It is also not yet clear if the date scheduled for the termination of updates to the ISD (31st October 2024 as last I heard) will now move later. We intend to continue updating HadISD for as long as updates are appended to the ISD.

Tuesday, 8 October 2024

Delays to HadISD updates

Following Hurricane Helene's passage over North Carolina, the extensive flooding in the Asheville area has caused an outage of some of the NOAA-NCEI websites and datasets. This means that the update to HadISD due early October 2024 (v3.4.1.202409p) will be delayed until these services are up and running again.

Wednesday, 8 May 2024

Looking towards GHCNH

Last week NCEI announced the release of the GHCNH (Global Historical Climate Network Hourly) dataset:

https://www.ncei.noaa.gov/news/next-generation-climate-dataset-built-seamless-integration

The GHCNH replaces the ISD, and as such I'm still expecting the ISD to be turned off in the next few months. This will obviously result in the HadISD having no further updates.

As many of the QC tests being applied in GHCNH are based on those in the HadISD, it does not make sense to pass the GHCNH data through the HadISD QC system. Therefore the HadISD in its current form will transform to a static dataset, and at some point in the future, will be retired and archived (though this is some time off!).
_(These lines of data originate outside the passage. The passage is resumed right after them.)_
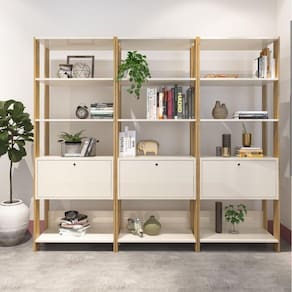 Conjunto 3 Estantes para Livros Industrial 1 Porta Mdp Match Espresso Móveis Off White/Carvalho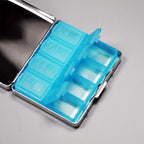 7 Days Chromed Shiny Silver Pill Organizer with Mirror Inside Has 8 Separate Compartments Rectangle Cute Travel Pill Organizer f
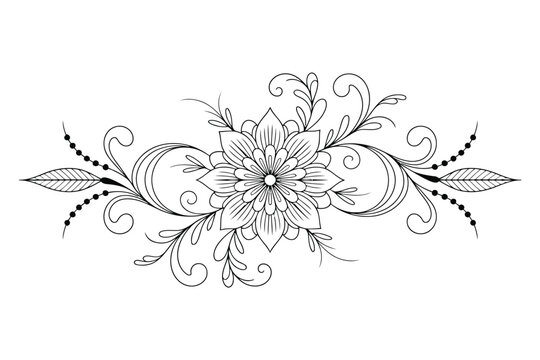 Black and white ornamental floral design with swirling vines and leaves line art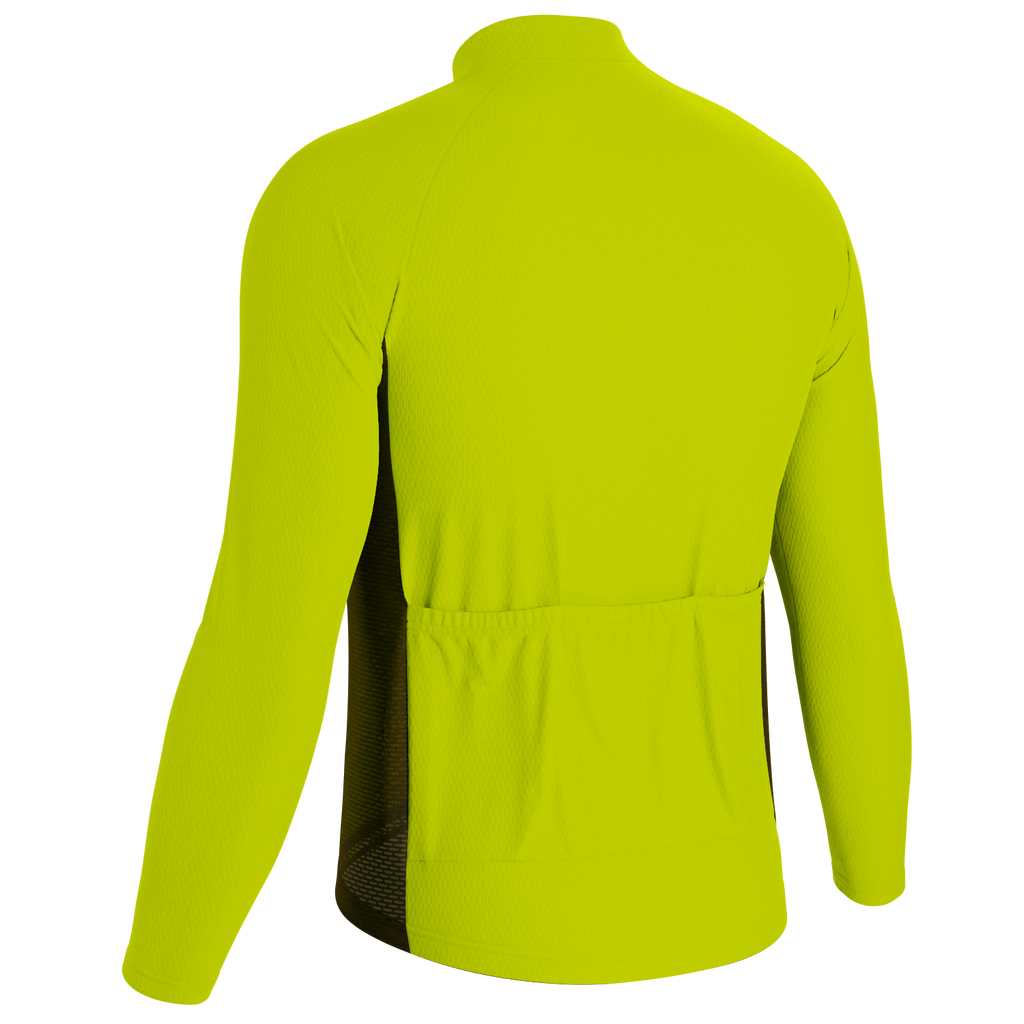 Men's High Viz With Black Accent Long Sleeve Cycling Jersey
At the moment there is no plan to immediately work on a wrapper for the GHCNH data and release in a "HadISD" format. However this may change in the future as we move to using GHCNH in other systems as well.

We'll post updates on this blog over the next months during the transition from ISD to GHCNH.

Monday, 15 January 2024

HadISD v3.4.0.2023f & future look

We released updated versions of HadISD, and this time two versions have been released at the same time. As described in this post, we noted that the buddy/neighbour checks had not been running since 2018. We have released a version of HadISD which correctly implements these checks as intended (v3.4.0.2023f), but for those who may wish to do their own comparison or use a version where these checks are absent as per the last few years of updates, then v3.3.1.202312p is also made available.

As we noted in our earlier post, the missing buddy checks also affect some of the other QC checks - predominantly those where a comparison with neighbouring stations can lead to flags set being removed. The Odd Cluster (Fig 1) and Climatological (Fig 2) checks show clear increases in the fractions of observations flagged by these checks across most stations.

Fig 1: Odd cluster checks for Dewpoint. Top - v3.3.1.202312p, Bottom - v3.4.0.2023f

Fig 2: Climatological Outlier checks for Tempeature. Top - v3.3.1.202312p, Bottom - v3.4.0.2023f

Although there is a general increase in the amount of observations flagged, most of these are in the lowest categories of fractions of the total record (to be expected). We also expected changes in the flagging rates for the Distributional Gap check, but saw only very slight differences.

The other test with a clear impact is that of Dewpoint Depression (Fig 3).

Fig 1: Dewpoint Depression checks. Top - v3.3.1.202312p, Bottom - v3.4.0.2023f

Future Look

As noted in another earlier post, the ISD will be pausing updates during 2024. The timeline for this is now looking like end March 2024 rather than being December 2023, and we'll post on here when we get further details. In the meantime, we will continue HadISD updates (under v3.4.1.2024XXp) until ISD updates cease.

Wednesday, 11 October 2023

Pausing HadISD updates in 2024

The HadISD dataset builds on NOAA NCEI's ISD dataset. There is work underway to replace the ISD with a new GHCNh (Global Historical Climate Network Hourly) product at NOAA, which will sit alongside the existing daily and monthly products under the GHCN brand.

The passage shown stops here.